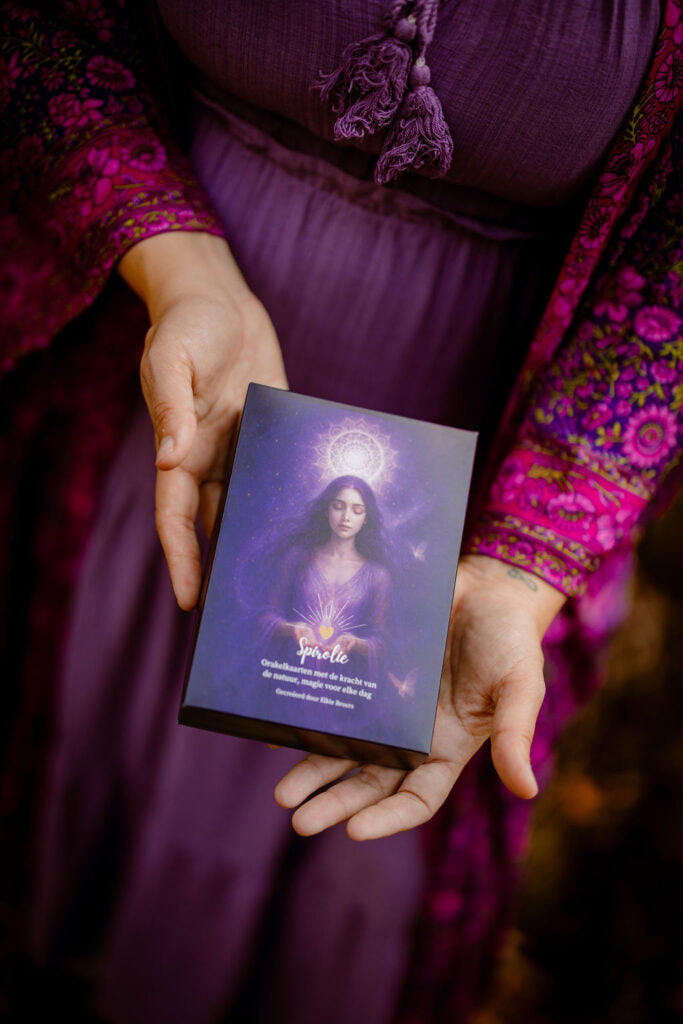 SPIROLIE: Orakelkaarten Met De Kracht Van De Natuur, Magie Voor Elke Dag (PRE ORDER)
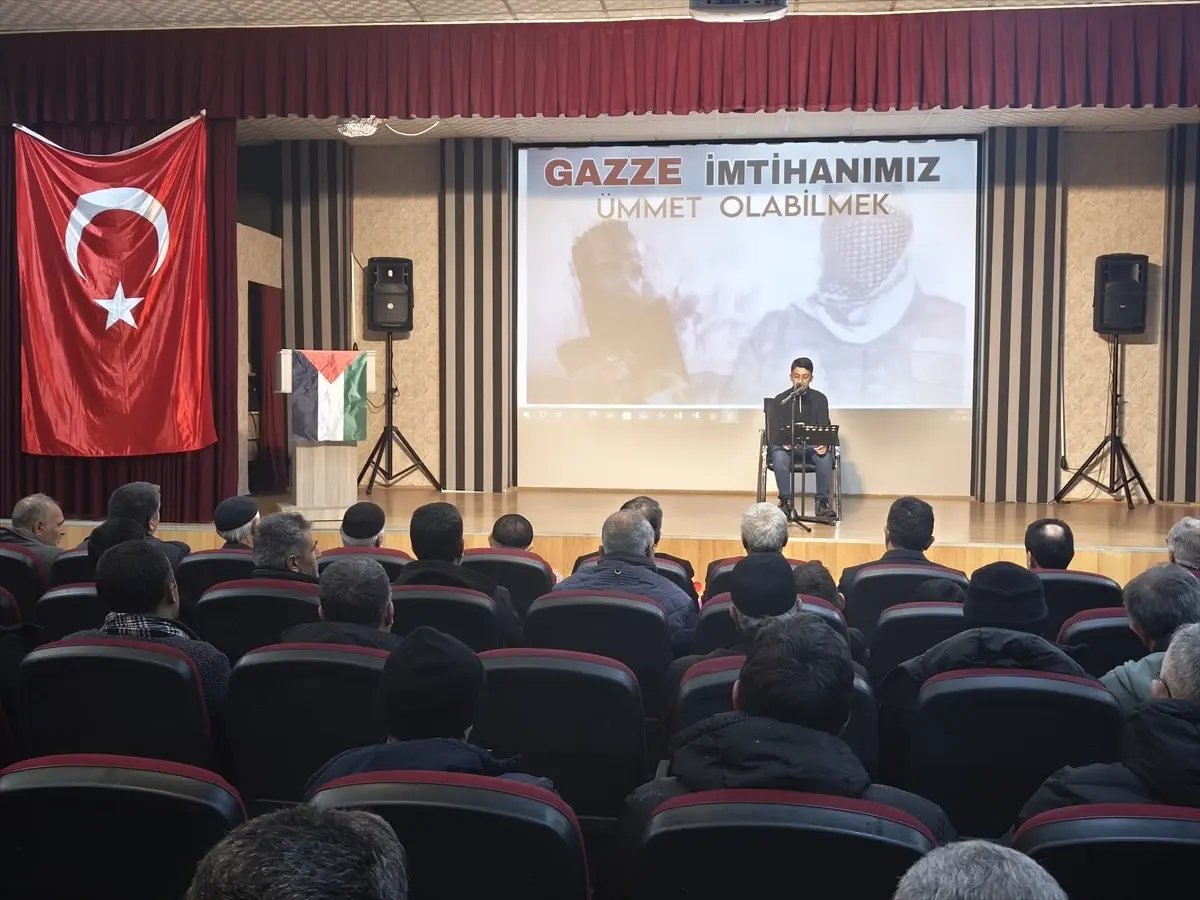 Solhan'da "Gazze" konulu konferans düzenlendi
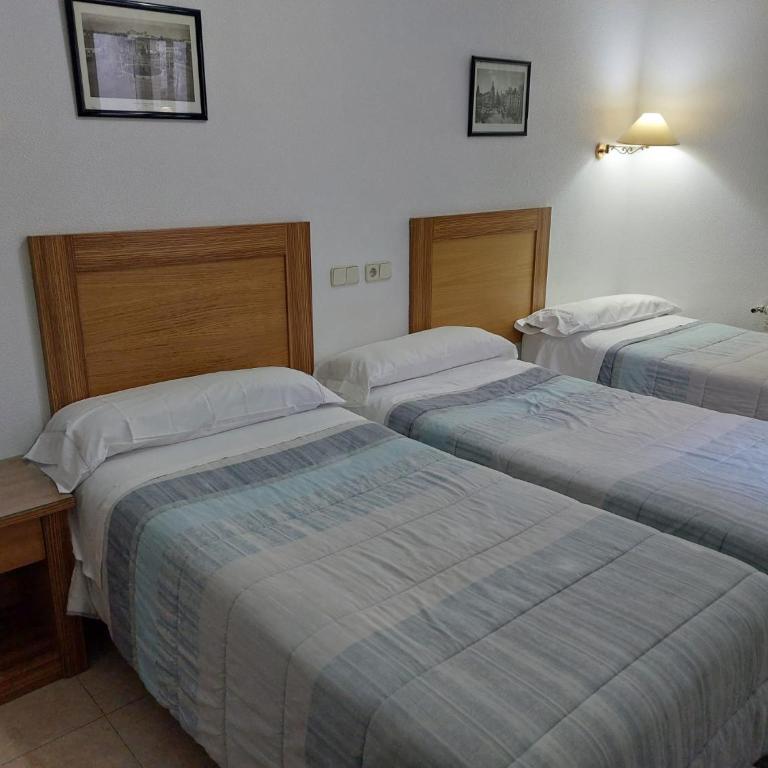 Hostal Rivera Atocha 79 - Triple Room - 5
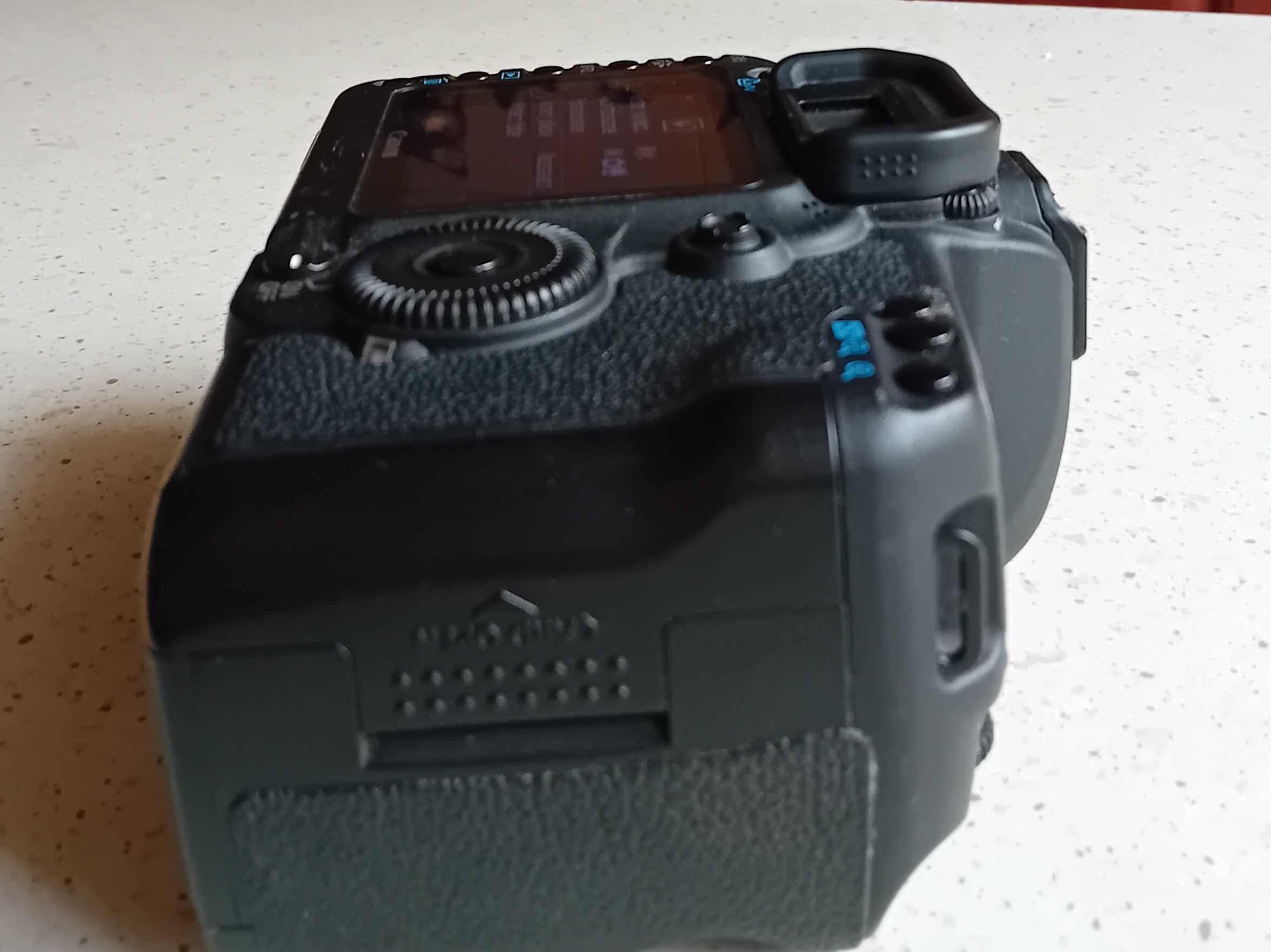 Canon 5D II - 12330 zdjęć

· · · · ·

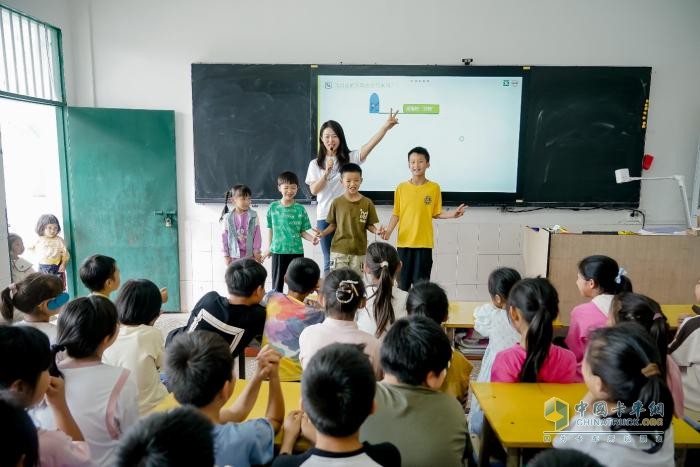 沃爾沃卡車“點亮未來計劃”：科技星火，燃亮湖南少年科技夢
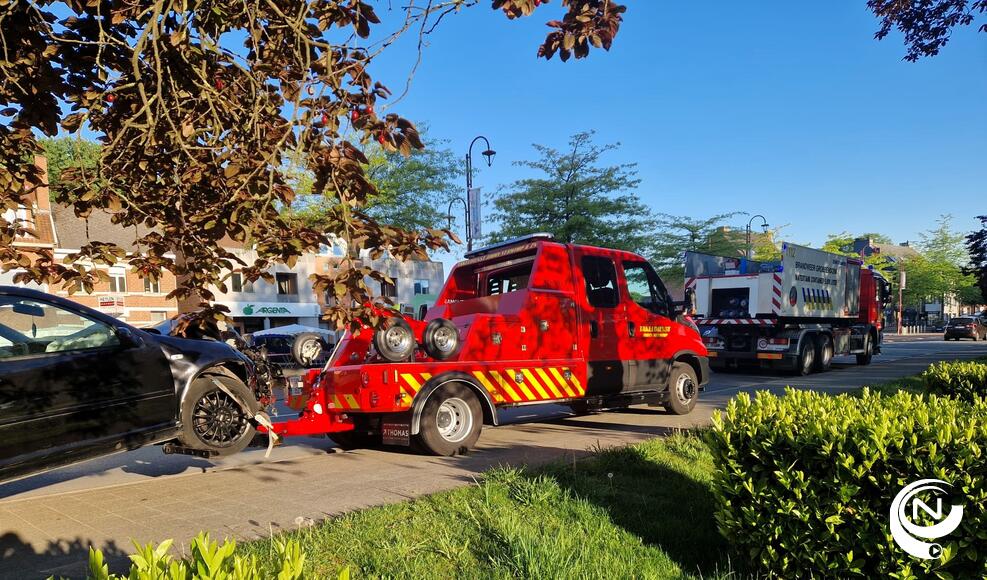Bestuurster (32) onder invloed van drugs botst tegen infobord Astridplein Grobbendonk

· · · · ·

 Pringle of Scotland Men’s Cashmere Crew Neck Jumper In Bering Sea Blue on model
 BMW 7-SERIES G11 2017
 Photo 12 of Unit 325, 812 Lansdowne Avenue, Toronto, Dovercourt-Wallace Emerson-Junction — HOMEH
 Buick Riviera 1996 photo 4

· · · · ·

Goal of the exercise: Make an exact copy of the lines above, beginning with the line with "SPIROLIE: Orakelkaarten Met" and ending with the line with "Canon 5D II - 12330 zdjęć", and keep the pictures out of it.

Exercise response:
 SPIROLIE: Orakelkaarten Met De Kracht Van De Natuur, Magie Voor Elke Dag (PRE ORDER)
 Solhan'da "Gazze" konulu konferans düzenlendi
 Hostal Rivera Atocha 79 - Triple Room - 5
 Canon 5D II - 12330 zdjęć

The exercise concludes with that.